Vickie sat back and was quiet for a moment,

“When I found out I was pregnant, he was furious with me. He said it was my responsibility to take care of things like that and to teach me a lesson, he wasn’t even going to help me pay for an abortion. And I cringed, I apologized, I insisted I wasn’t asking for money, if he’d only go with me. But he wouldn’t. I got the money together, that wasn’t a problem, but I had to go alone, and that felt awful. And after that, I was just … well,” her eyes filled with tears, “I was
craven
, Dolores! He was annoyed with me, and I was terrified of losing him. And I was about to get my degree, and I just … I was like a slave. I’d do anything he said, I dangled on a string he didn’t even seem to want to bother to pick up. I got the job in Boston, and I said I’d keep a weekend place near him, so I could still see him, he said that was ridiculous, I had my whole life before me. I found out later he was already involved with another grad student, a really brilliant girl. And then I understood his wife’s eyes.” She turned and blew her nose.

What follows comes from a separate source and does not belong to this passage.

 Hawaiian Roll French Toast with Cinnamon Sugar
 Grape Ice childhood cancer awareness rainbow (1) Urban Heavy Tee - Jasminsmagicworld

“Looking back, the thing is … it was so humiliating! I can’t imagine I’d ever do a thing like that again. But still,” she looked imploringly at Dolores, “I think I’m still in love with him. Even though I know what he is. Or, I’m not in love with him, but with what I thought he was. Which I know now he isn’t. But which I go on feeling he is. Or that someone is. Or that, if someone isn’t, I can’t bear to go on living!” She turned her head swiftly again, but Dolores heard her cries. “Am I going to go on like this all my life?” Thick voice, nasal. “Wanting something that doesn’t exist?”

Victor came striding back into the room, pleased with himself, glowing. “Well, don’t ever say your father isn’t a miracle worker! Getting a hotel room over Christmas with no advance warning at all! Come on, ladies! Let’s go! Fast, before they change their minds. Besides: I’m starving.”

3

V
ICKIE’S PRESENCE—AND HER
confidences—totally changed their mix. Dolores found herself talking to Vickie more than to Victor, being solicitous of the young woman, pointing things out to her, touching her hand in silent messages of sympathy, support, affection. And although Victor too pointed out certain things to Vickie, and teased her benevolently, and although it was his arm she clung to as the three of them tramped the streets, increasingly it was Victor who was left out, as if the two women had something between them, something he had not been initiated into.

As was indeed the case.

Is this how it begins, Dolores wondered, mothers and children against the fathers? She didn’t like it. After all, she wasn’t the mother. When Victor went to pee one lunchtime, Dolores suggested to Vickie that she tell her father her story.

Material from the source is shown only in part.